======== DATA SHOWN ========

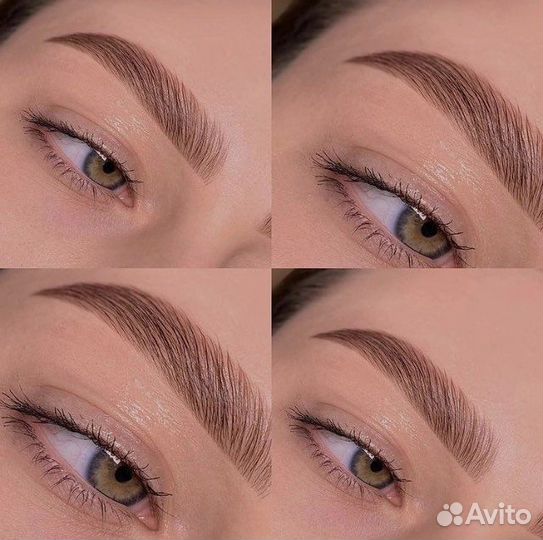 Курс Мастер-Бровист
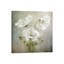 Cosmos Charm by Mandy Disher - Wrapped Canvas Print-1363932859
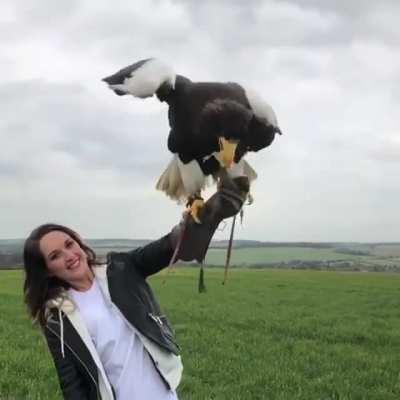 🔥 The biggest eagle in the world - Steller's sea eagle! Credit: @birdsjade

========

EXERCISE GOAL: Write out only the lines from the line containing "Cosmos Charm by" through the end of the material above, both end lines included. Pictures are not written out.

TASK RESULT:
 Cosmos Charm by Mandy Disher - Wrapped Canvas Print-1363932859
 🔥 The biggest eagle in the world - Steller's sea eagle! Credit: @birdsjade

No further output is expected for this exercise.